- _GIVEN INFORMATION_

□ □ □ □ □

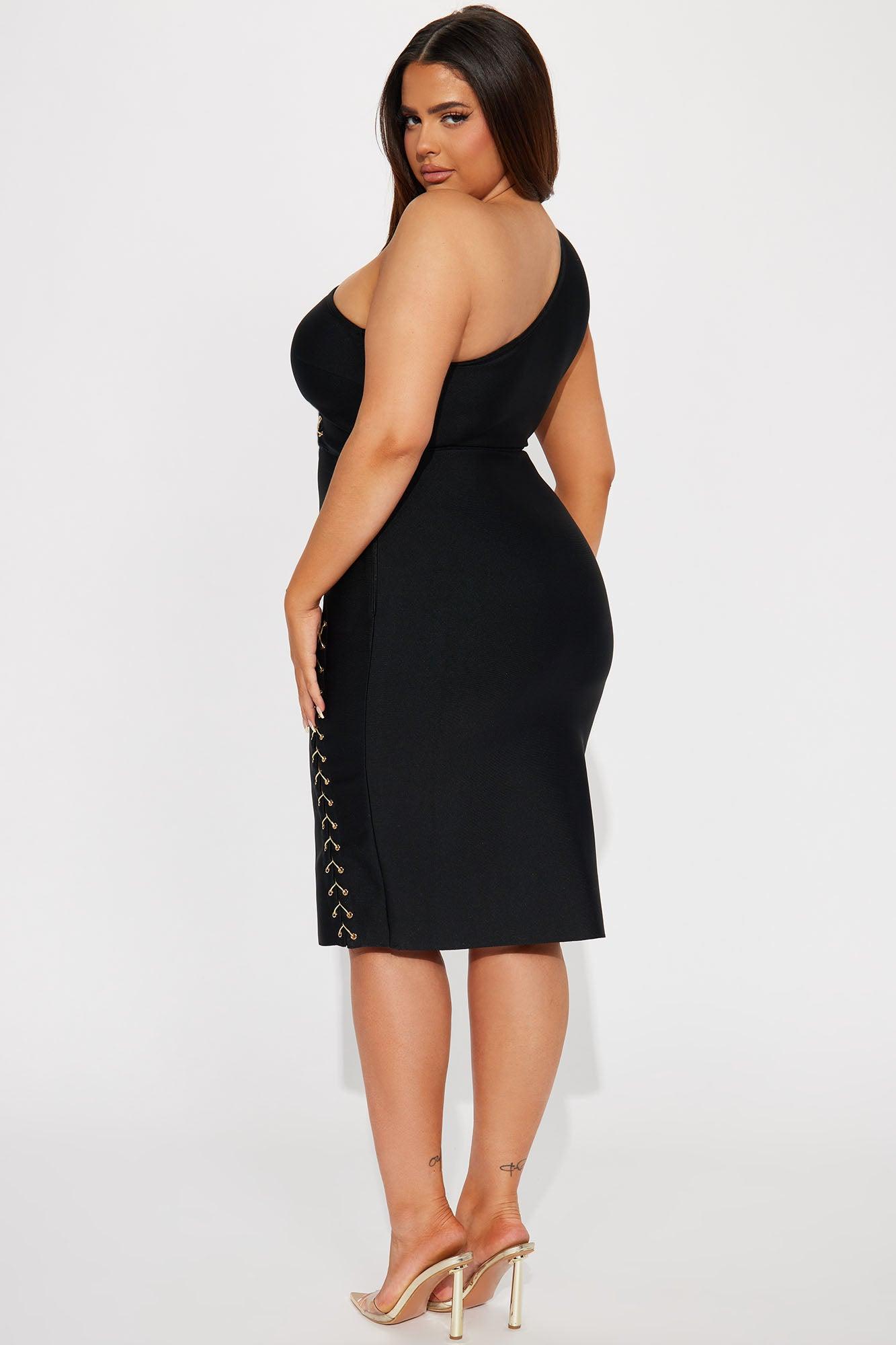 Ambitious Bandage Midi Dress - Black Product Image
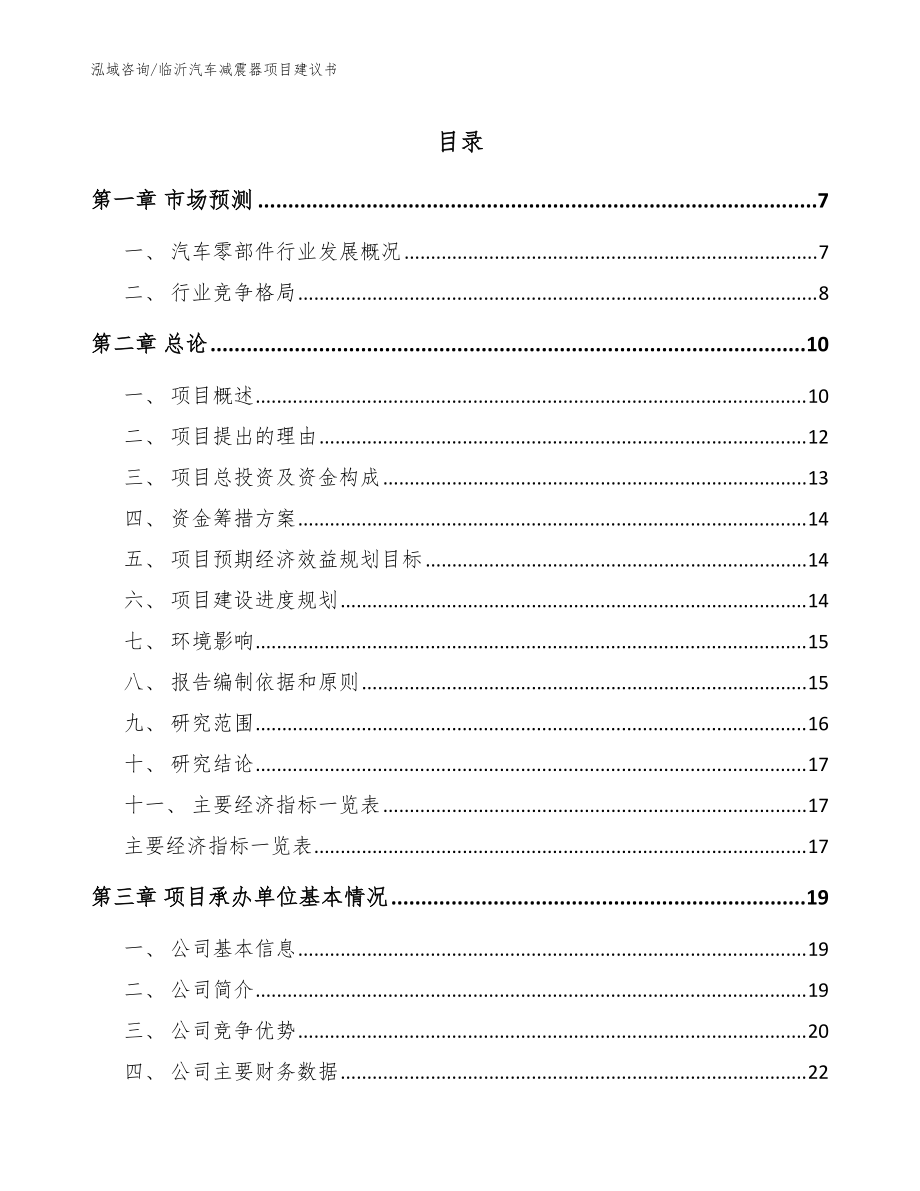 临沂汽车减震器项目建议书（参考范文）_第1页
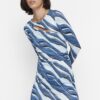 Trendyol kék mintás bodycon mini kötött ruha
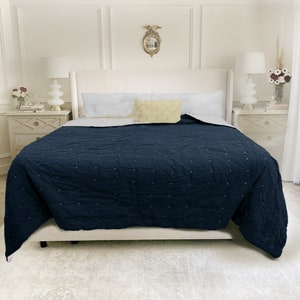 Navy Linen Handmade Quilt, King Size Quilt Set, Queen Size Quilt, Quilt With Shams, Linen Bedding Set, Quilted Bedspread, Twin Quilt, Gift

□ □ □ □ □

- _TO DO_
Everything from the line containing "Trendyol kék mintás bodycon mini kötött ruha" through the last line of the listing above must be output exactly, except the pictures.

- _SOLUTION BELOW_
 Trendyol kék mintás bodycon mini kötött ruha
 Navy Linen Handmade Quilt, King Size Quilt Set, Queen Size Quilt, Quilt With Shams, Linen Bedding Set, Quilted Bedspread, Twin Quilt, Gift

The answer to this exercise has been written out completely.